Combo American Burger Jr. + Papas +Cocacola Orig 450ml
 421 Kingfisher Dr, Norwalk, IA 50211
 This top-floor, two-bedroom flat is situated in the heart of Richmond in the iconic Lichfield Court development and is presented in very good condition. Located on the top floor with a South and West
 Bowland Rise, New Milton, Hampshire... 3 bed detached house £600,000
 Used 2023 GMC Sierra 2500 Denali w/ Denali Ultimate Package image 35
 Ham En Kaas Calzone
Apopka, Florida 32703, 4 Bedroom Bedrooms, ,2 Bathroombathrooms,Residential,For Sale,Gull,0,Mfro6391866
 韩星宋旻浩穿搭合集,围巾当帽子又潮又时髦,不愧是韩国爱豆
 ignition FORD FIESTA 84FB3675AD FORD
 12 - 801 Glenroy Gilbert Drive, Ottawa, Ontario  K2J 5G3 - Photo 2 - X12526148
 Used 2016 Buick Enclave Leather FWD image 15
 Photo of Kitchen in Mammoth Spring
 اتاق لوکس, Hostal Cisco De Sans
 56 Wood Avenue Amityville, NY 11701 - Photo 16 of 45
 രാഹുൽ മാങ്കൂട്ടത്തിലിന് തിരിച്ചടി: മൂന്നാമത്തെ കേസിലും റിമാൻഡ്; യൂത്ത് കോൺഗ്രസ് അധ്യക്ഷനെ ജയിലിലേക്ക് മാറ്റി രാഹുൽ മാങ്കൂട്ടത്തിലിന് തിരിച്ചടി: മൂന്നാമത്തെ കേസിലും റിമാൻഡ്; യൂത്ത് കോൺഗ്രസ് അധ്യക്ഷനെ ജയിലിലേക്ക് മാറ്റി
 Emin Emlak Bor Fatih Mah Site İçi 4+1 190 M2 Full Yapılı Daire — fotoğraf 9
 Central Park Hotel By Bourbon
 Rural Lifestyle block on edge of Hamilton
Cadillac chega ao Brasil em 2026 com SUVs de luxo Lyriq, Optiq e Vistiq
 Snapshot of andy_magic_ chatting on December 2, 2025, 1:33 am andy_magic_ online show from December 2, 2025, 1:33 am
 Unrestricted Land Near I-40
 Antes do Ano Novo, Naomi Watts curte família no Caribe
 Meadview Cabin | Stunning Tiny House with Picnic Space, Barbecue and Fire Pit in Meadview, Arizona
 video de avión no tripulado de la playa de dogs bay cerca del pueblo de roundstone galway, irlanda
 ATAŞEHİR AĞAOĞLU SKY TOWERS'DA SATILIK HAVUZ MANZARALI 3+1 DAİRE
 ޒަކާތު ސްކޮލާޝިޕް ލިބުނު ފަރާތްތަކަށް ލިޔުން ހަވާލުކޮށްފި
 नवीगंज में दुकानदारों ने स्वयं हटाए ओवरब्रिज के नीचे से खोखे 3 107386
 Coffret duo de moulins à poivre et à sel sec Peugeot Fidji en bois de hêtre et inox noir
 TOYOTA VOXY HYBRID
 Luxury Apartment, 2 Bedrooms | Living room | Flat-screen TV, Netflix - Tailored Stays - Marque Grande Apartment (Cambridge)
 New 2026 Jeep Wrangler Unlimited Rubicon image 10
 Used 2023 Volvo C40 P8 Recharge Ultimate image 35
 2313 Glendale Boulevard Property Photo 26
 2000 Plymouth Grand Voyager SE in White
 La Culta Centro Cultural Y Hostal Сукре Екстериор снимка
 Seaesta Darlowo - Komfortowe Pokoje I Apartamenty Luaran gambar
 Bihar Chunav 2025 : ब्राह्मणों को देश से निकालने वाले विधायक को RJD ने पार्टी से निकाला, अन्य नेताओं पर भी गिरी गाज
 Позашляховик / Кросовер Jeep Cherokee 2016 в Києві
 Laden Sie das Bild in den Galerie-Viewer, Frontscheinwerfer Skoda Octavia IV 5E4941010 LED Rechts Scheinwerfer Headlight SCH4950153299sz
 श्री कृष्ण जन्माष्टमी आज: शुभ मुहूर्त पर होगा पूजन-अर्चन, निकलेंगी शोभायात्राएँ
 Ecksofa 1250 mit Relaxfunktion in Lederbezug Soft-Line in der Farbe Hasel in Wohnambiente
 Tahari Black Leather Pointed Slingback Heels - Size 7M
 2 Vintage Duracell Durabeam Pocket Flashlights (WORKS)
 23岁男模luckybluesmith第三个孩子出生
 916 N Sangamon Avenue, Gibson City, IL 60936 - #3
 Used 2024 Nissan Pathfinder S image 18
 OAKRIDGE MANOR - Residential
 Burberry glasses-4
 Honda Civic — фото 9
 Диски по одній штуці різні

What needs to be done -> Produce the lines from the top of the listing through the "2313 Glendale Boulevard Property Photo 26" line exactly as they appear, with no additional output.

Result for this exercise ->
Combo American Burger Jr. + Papas +Cocacola Orig 450ml
 421 Kingfisher Dr, Norwalk, IA 50211
 This top-floor, two-bedroom flat is situated in the heart of Richmond in the iconic Lichfield Court development and is presented in very good condition. Located on the top floor with a South and West
 Bowland Rise, New Milton, Hampshire... 3 bed detached house £600,000
 Used 2023 GMC Sierra 2500 Denali w/ Denali Ultimate Package image 35
 Ham En Kaas Calzone
Apopka, Florida 32703, 4 Bedroom Bedrooms, ,2 Bathroombathrooms,Residential,For Sale,Gull,0,Mfro6391866
 韩星宋旻浩穿搭合集,围巾当帽子又潮又时髦,不愧是韩国爱豆
 ignition FORD FIESTA 84FB3675AD FORD
 12 - 801 Glenroy Gilbert Drive, Ottawa, Ontario  K2J 5G3 - Photo 2 - X12526148
 Used 2016 Buick Enclave Leather FWD image 15
 Photo of Kitchen in Mammoth Spring
 اتاق لوکس, Hostal Cisco De Sans
 56 Wood Avenue Amityville, NY 11701 - Photo 16 of 45
 രാഹുൽ മാങ്കൂട്ടത്തിലിന് തിരിച്ചടി: മൂന്നാമത്തെ കേസിലും റിമാൻഡ്; യൂത്ത് കോൺഗ്രസ് അധ്യക്ഷനെ ജയിലിലേക്ക് മാറ്റി രാഹുൽ മാങ്കൂട്ടത്തിലിന് തിരിച്ചടി: മൂന്നാമത്തെ കേസിലും റിമാൻഡ്; യൂത്ത് കോൺഗ്രസ് അധ്യക്ഷനെ ജയിലിലേക്ക് മാറ്റി
 Emin Emlak Bor Fatih Mah Site İçi 4+1 190 M2 Full Yapılı Daire — fotoğraf 9
 Central Park Hotel By Bourbon
 Rural Lifestyle block on edge of Hamilton
Cadillac chega ao Brasil em 2026 com SUVs de luxo Lyriq, Optiq e Vistiq
 Snapshot of andy_magic_ chatting on December 2, 2025, 1:33 am andy_magic_ online show from December 2, 2025, 1:33 am
 Unrestricted Land Near I-40
 Antes do Ano Novo, Naomi Watts curte família no Caribe
 Meadview Cabin | Stunning Tiny House with Picnic Space, Barbecue and Fire Pit in Meadview, Arizona
 video de avión no tripulado de la playa de dogs bay cerca del pueblo de roundstone galway, irlanda
 ATAŞEHİR AĞAOĞLU SKY TOWERS'DA SATILIK HAVUZ MANZARALI 3+1 DAİRE
 ޒަކާތު ސްކޮލާޝިޕް ލިބުނު ފަރާތްތަކަށް ލިޔުން ހަވާލުކޮށްފި
 नवीगंज में दुकानदारों ने स्वयं हटाए ओवरब्रिज के नीचे से खोखे 3 107386
 Coffret duo de moulins à poivre et à sel sec Peugeot Fidji en bois de hêtre et inox noir
 TOYOTA VOXY HYBRID
 Luxury Apartment, 2 Bedrooms | Living room | Flat-screen TV, Netflix - Tailored Stays - Marque Grande Apartment (Cambridge)
 New 2026 Jeep Wrangler Unlimited Rubicon image 10
 Used 2023 Volvo C40 P8 Recharge Ultimate image 35
 2313 Glendale Boulevard Property Photo 26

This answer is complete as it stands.